11 Poin Penting RUU BUMN, Atur Kekuasaan Menteri hingga Pendirian BPI Danantara

JAKARTA – Komisi VI DPR menyetujui Revisi Undang-Undang Badan Usaha Milik Negara ( RUU BUMN ) disahkan menjadi UU di Sidang Paripurna yang mana akan datang. Setidaknya ada 11 poin utama substansi inovasi pada Daftar Inventaris Permasalahan (DIM) RUU BUMN yang tersebut siap disahkan.
Pertama, perluasan definisi BUMN, dari sebelumnya semata-mata badan usaha yang mana sebagian besar modalnya dimiliki oleh negara saja, ditambah klausul terdapat hak istimewa yang dimiliki negara republik Indonesia.
Kedua, mengatur masalah definisi anak perniagaan yang digunakan sebelumnya belum diatur pada Undang-Undang Nomor 19 Tahun 2003 tentang Badan Usaha Milik Negara. Pada DIM RUU BUMN dijelaskan bahwa anak usaha BUMN adalah anak perusahaan BUMN juga turunannya yang digunakan didirikan oleh BUMN di rangka memenuhi kepentingan perniagaan BUMN.
Ketiga, Pengaturan Badan Pengelola Penanaman Modal Daya Anagata Nusantara (BPI Danantara), holding investasi, holding operasional. BPI Danantara sendiri merupakan lembaga yang tersebut melaksanakan tugas pemerintahan pada bidang pengelolaan BUMN sebagaimana diatur pada RUU BUMN.
Holding Pengembangan Usaha adalah BUMN yang digunakan seluruh modalnya dimiliki oleh Negara Republik Indonesia serta Badan yang tersebut mempunyai tugas untuk melakukan pengelolaan dividen dan/atau pemberdayaan aset BUMN juga tugas lain yang digunakan ditetapkan oleh Menteri dan/atau Badan.

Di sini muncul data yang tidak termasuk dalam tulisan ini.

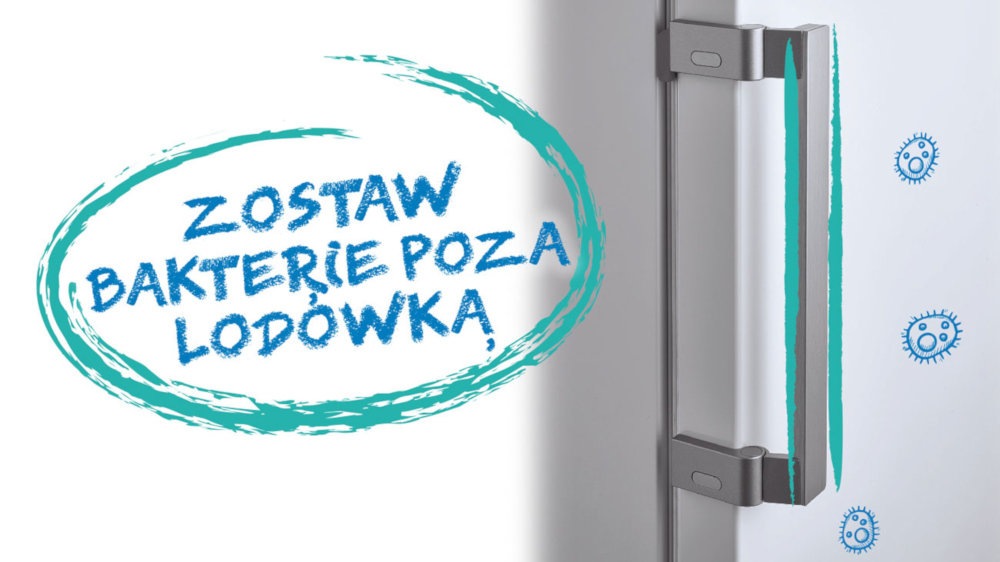 Zamrażarka Szufladowa Beko RFNE312E23W - Rączka Antybakteryjna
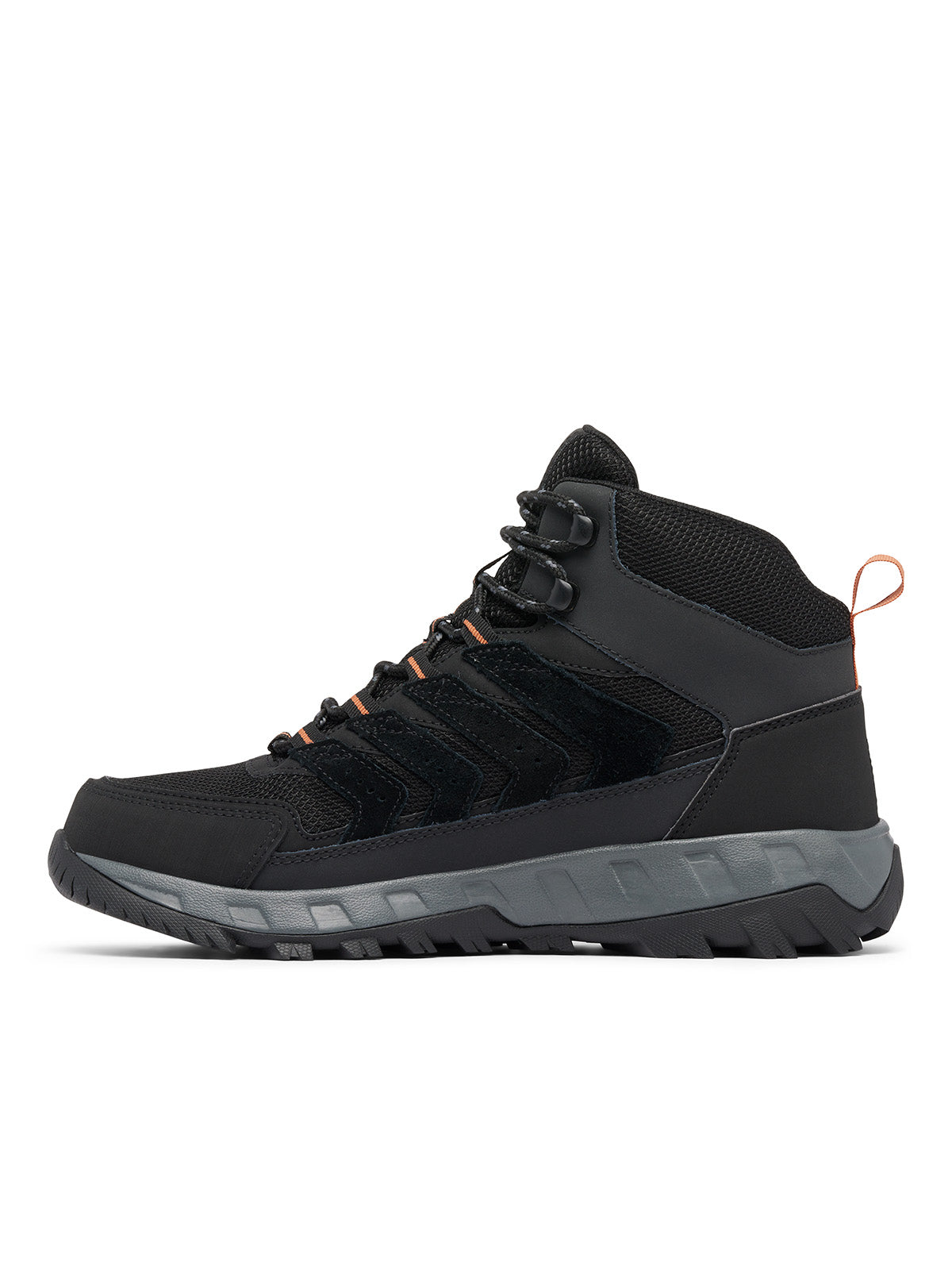 Botines Impermeables Hombre Strata Trail™ Negro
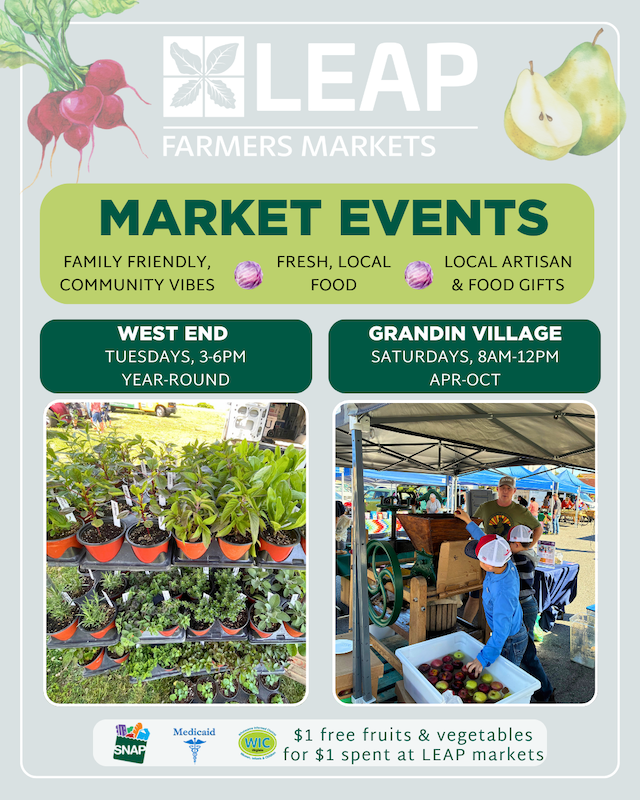 market events flyer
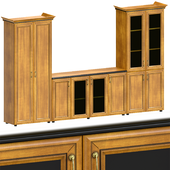 Office furniture, cabinets, wardrobe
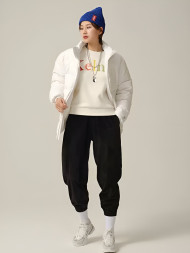 Пуховик KELME Short Down Jacket White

Sedangkan Holding Operasional adalah BUMN yang seluruh modalnya dimiliki oleh Negara lalu Badan yang dimaksud mempunyai tugas untuk melakukan pengawasan terhadap kegiatan operasional BUMN juga kegiatan bidang usaha lainnya.
Keempat, pengaturan mengenai business judgement rule atau aturan yang menyangkut perihal pengamanan kewenangan direksi terkait pengambilan keputusan. Kelima, mengatur tentang pengelolaan aset BUMN yang mana sesuai dengan prinsip good corporate governance seperti yang dimaksud diatur di RUU BUMN yang baru.
Keenam, aturan persoalan rekrutmen sumber daya manusia (SDM) BUMN untuk para penyandang disabilitas. Bahkan di pasal ini juga diatur bahwa karyawan BUMN juga diambil dari rakyat setempat. Hal ini diatur di Bab IX tentang Narasumber Daya Manusia.